__Action item__. Reproduce precisely the lines of the listing below, starting with the line that contains "healthy plant-based food, vegan" and stopping after the line that contains "Teddy bear street"; include nothing else.

__Data provided__.
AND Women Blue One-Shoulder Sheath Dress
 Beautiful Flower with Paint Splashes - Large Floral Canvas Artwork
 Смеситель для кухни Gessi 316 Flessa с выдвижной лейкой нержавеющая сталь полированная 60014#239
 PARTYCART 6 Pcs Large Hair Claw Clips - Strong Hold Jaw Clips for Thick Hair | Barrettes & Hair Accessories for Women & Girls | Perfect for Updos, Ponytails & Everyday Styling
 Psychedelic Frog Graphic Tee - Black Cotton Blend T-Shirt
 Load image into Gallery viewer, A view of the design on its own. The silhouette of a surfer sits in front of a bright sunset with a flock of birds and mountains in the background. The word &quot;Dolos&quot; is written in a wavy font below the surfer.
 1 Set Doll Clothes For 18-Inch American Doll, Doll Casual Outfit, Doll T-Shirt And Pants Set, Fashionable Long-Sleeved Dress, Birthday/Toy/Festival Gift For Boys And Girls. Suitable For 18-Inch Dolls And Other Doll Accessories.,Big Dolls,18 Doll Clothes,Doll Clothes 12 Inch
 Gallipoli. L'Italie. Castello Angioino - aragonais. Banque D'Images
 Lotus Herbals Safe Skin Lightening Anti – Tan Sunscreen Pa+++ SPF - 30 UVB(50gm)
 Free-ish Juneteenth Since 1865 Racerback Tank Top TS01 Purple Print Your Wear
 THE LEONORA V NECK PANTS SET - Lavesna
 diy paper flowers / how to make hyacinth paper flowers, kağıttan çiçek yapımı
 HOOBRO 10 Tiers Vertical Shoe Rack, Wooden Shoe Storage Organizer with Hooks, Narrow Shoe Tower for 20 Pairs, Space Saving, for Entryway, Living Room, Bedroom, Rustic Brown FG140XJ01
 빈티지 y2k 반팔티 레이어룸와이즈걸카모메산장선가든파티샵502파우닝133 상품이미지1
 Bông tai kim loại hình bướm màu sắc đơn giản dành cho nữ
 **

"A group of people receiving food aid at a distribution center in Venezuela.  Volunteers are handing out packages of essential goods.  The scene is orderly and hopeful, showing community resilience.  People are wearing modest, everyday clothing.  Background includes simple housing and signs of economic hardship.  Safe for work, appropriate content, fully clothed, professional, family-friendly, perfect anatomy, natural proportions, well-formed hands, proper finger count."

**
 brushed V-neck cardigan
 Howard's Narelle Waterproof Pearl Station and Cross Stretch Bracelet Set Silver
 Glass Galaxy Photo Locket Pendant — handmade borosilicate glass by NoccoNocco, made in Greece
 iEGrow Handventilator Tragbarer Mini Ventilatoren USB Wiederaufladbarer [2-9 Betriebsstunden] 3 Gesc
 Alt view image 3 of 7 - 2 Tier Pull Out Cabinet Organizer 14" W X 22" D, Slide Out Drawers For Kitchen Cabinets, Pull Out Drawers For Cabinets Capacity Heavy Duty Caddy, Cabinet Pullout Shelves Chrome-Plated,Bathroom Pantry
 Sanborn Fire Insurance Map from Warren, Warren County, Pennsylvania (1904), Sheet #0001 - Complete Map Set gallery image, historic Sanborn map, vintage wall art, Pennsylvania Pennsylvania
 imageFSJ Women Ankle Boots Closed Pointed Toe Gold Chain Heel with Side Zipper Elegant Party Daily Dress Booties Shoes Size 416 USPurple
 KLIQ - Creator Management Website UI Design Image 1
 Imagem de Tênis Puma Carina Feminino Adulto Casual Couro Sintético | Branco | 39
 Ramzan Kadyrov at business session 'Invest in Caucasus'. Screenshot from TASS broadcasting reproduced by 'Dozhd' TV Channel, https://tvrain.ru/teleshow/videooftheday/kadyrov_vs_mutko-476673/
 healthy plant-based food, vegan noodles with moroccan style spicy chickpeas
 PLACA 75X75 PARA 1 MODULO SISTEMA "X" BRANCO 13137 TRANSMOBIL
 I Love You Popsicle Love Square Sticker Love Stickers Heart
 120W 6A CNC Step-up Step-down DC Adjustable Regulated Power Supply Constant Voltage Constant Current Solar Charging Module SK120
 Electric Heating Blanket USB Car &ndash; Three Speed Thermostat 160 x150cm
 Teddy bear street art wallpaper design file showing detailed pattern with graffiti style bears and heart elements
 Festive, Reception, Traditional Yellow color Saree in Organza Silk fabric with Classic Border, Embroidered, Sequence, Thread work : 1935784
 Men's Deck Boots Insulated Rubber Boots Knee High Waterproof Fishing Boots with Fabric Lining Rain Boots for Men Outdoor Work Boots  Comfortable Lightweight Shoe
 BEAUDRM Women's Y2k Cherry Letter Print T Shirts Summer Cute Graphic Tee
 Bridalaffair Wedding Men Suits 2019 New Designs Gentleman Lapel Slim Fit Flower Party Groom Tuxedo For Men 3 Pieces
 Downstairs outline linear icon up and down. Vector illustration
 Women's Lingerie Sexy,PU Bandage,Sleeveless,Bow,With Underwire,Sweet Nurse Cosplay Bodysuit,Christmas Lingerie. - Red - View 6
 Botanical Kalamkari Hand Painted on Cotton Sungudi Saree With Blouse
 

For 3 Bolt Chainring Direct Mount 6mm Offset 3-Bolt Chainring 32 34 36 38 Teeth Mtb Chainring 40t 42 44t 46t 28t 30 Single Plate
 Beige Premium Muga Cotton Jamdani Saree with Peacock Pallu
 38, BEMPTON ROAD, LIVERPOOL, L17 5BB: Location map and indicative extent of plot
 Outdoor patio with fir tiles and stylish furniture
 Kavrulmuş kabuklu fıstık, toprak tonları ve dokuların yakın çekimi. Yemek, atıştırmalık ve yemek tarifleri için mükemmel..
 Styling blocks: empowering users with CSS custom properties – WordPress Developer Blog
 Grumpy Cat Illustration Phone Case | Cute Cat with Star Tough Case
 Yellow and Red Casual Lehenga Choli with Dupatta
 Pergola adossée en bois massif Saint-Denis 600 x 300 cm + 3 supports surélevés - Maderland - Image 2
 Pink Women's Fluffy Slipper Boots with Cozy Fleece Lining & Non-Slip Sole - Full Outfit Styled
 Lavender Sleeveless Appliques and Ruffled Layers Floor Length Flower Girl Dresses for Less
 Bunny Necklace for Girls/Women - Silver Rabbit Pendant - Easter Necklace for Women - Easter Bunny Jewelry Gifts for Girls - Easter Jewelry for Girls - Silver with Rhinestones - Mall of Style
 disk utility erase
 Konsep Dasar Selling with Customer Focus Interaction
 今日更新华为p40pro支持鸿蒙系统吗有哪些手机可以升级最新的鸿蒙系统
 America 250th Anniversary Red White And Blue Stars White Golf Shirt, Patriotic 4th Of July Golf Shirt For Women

__Answer box__.
 healthy plant-based food, vegan noodles with moroccan style spicy chickpeas
 PLACA 75X75 PARA 1 MODULO SISTEMA "X" BRANCO 13137 TRANSMOBIL
 I Love You Popsicle Love Square Sticker Love Stickers Heart
 120W 6A CNC Step-up Step-down DC Adjustable Regulated Power Supply Constant Voltage Constant Current Solar Charging Module SK120
 Electric Heating Blanket USB Car &ndash; Three Speed Thermostat 160 x150cm
 Teddy bear street art wallpaper design file showing detailed pattern with graffiti style bears and heart elements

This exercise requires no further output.